Christian Parisot : C’est un phénomène récurrent : quand les non-résidents se ruent sur la bourse américaine, c’est souvent un signal de sommet de marché.
Historiquement, ces phases coïncident avec des périodes où les actions américaines sont chères. Cela signifie qu’en cas de retournement, ces investisseurs pourraient retirer leurs capitaux rapidement, amplifiant la correction.
Vincent Bezault : On a longtemps recommandé d’investir dans les petites et moyennes capitalisations américaines, censées mieux profiter du dynamisme domestique. Mais la dérégulation favorise-t-elle plutôt les grandes entreprises ?
Christian Parisot : Exactement. Contrairement à l’idée reçue, la dérégulation ne favorise pas les PME, mais les grands groupes, qui peuvent mieux profiter d’un environnement concurrentiel plus libre.
L’exemple de Pepsi en est une illustration : l’entreprise a pu imposer des conditions préférentielles à Walmart sans être inquiétée par les régulateurs sous l’administration Trump. Ce type de pratiques bénéficiera aux géants, mais pénalisera les petits acteurs.
Synthèse
La prime de risque sur les actions américaines a disparu, rendant le marché très sensible aux hausses de taux d’intérêt.

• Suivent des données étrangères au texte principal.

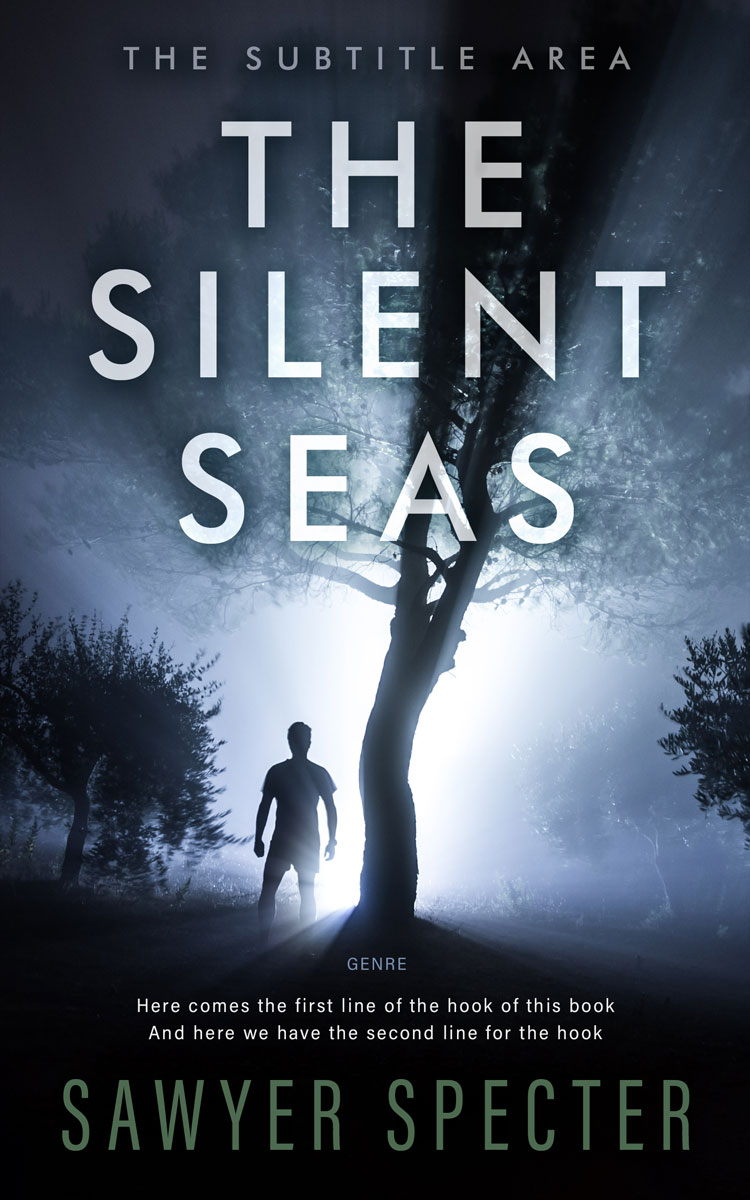 2D view of Premade Mystery & Thriller & Suspense Book Cover - Mirage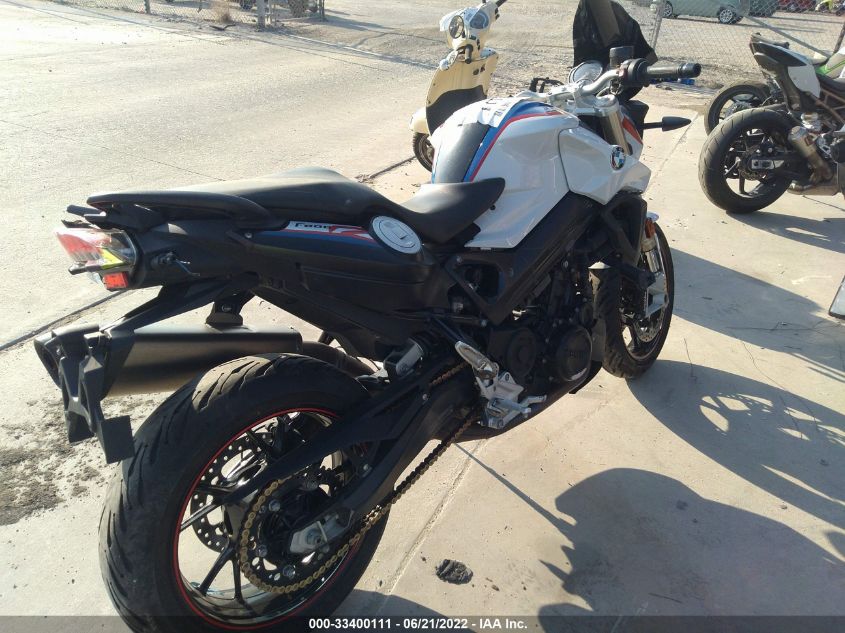 2018 BMW F800 R WB10B6407JZD99610
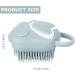 Fiotha 2-in-1 Silicone Pet Bathing Brush - Dog & Cat Shower Massage Brush with Refillable Shower Gel - Blue - Buy Online on GoSupps.com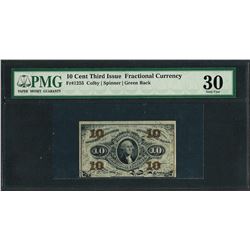 March 3, 1863 Third Issue 10 Cent Fractional Currency Note PMG Very Fine 30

Le risque inflationniste sous Trump pourrait pousser les taux à la hausse, aggravant cette vulnérabilité.
L’IA, autrefois moteur du marché, devient un pari plus risqué, nécessitant une sélection plus fine des gagnants.
L’afflux d’investisseurs étrangers est souvent un signal de sommet de marché.
La dérégulation favorisera les grandes capitalisations plutôt que les PME, contredisant certaines thèses d’investissement.
En somme, il ne s’agit pas de fuir le marché américain, mais d’y être plus sélectif et plus prudent.